Déchets : Comment faire maigrir la poubelle ?


Les flux des déchets ménagers connaissent une progression régulière proche de 2% l’an. Conséquence : les coûts de leur traitement sont en augmentation sensible. Pour enrayer cette mécanique, la réduction de ces flux de déchets est un moyen pour maîtriser l’augmentation des charges financières répercutées sur l’usager mais aussi l’impact qu’ils ont sur l’environnement et les ressources naturelles.

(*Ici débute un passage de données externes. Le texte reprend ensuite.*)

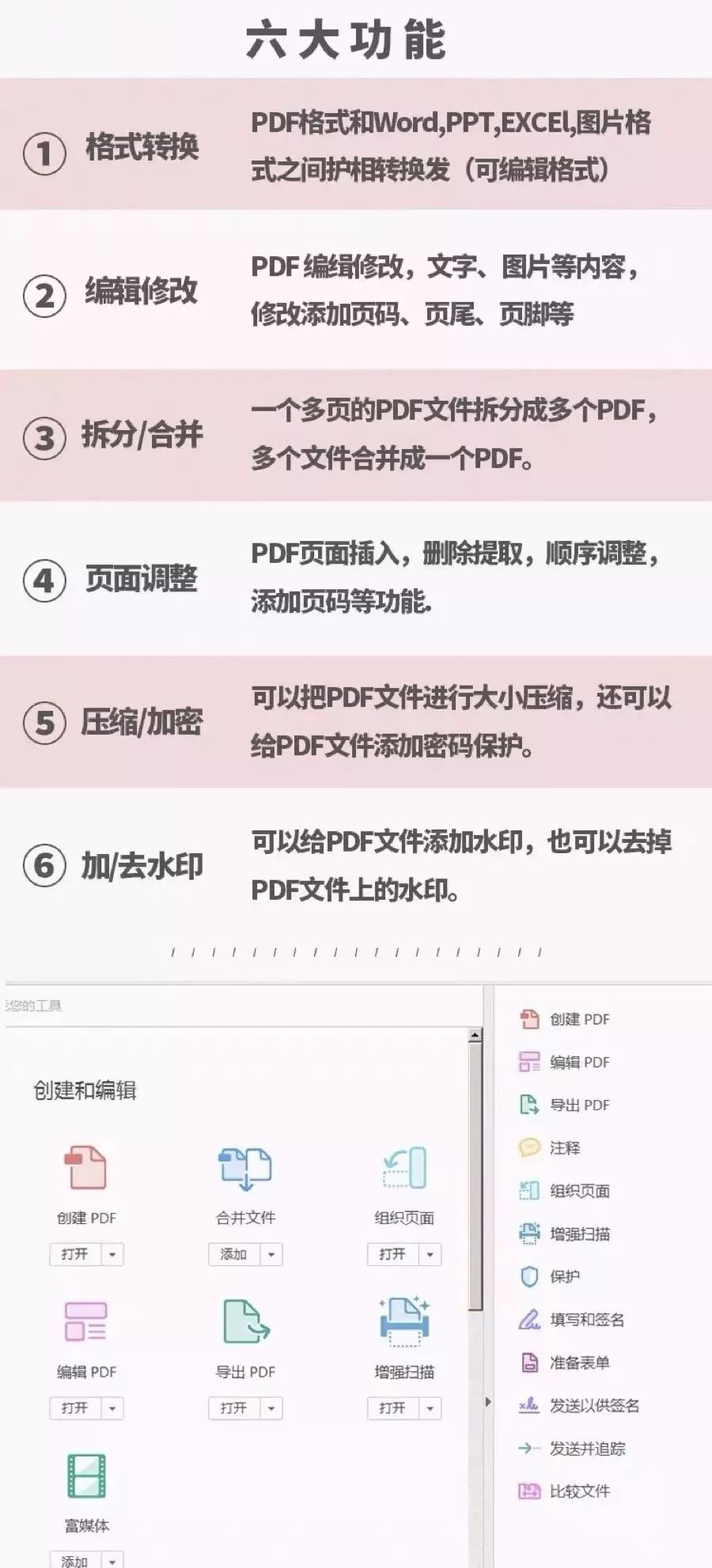 萬能PDF編輯“神器”來了，說說PDF格式不能改的？插圖2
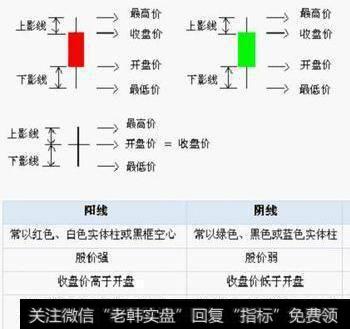 一旦出现这些K线中的买入信号，买了你就会赚很多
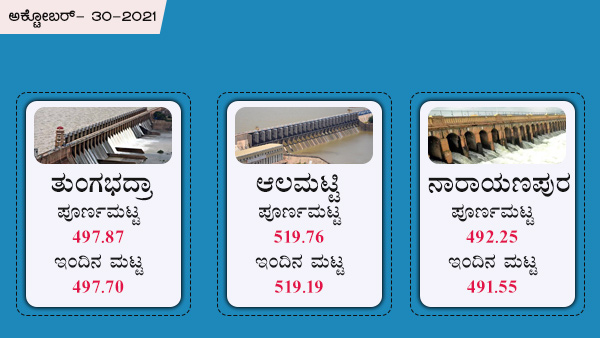 ತುಂಗಭದ್ರಾ, ಆಲಮಟ್ಟಿ, ನಾರಾಯಣಪುರ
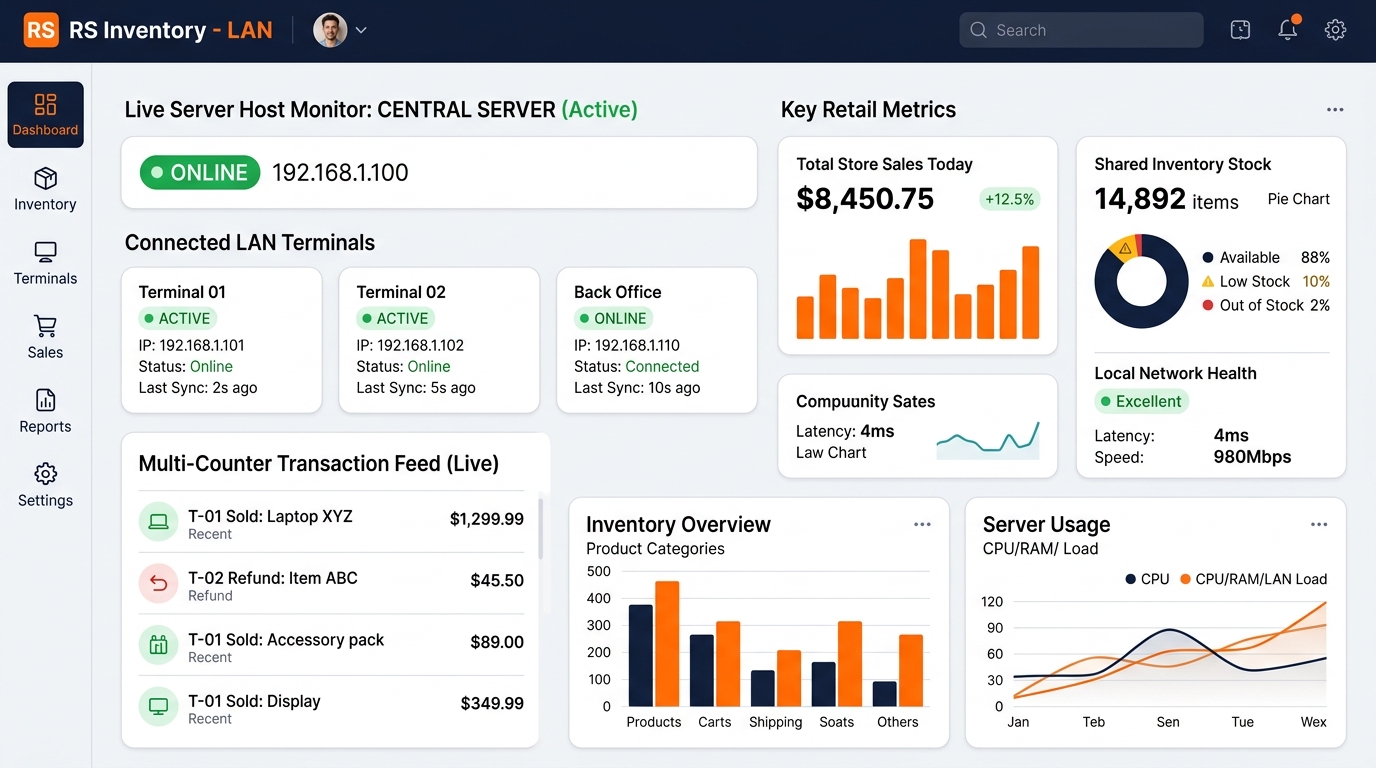 RS Inventory – LAN Multi-Computer Dashboard Screenshot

Nos poubelles deviennent obèses. Ce constat n’est pas récent, comme le souligne l’article 1 de la loi n° 92-646 du 13/07/1992 qui a pour objectif de « prévenir ou réduire la production et la nocivité des déchets ». De même la directive européenne n° 94/62/CE du 20/12/2004, relative aux emballages et aux déchets d’emballage prend en compte « la réduction de la quantité et de la nocivité pour l’environnement : des matières et des substances utilisées dans les emballages et les déchets d’emballages, des emballages et déchets d’emballages au stade du procédé de production, de la commercialisation, de la distribution, de l’utilisation et de l’élimination. » Une définition qui s’applique à tout produit. La prévention s’applique donc à l’ensemble du cycle de vie d’un produit, y compris le traitement en fin de vie. La prévention se doit donc d’associer l’ensemble des acteurs : concepteur, distributeur, consommateur et collectivité locale, responsables de leur gestion.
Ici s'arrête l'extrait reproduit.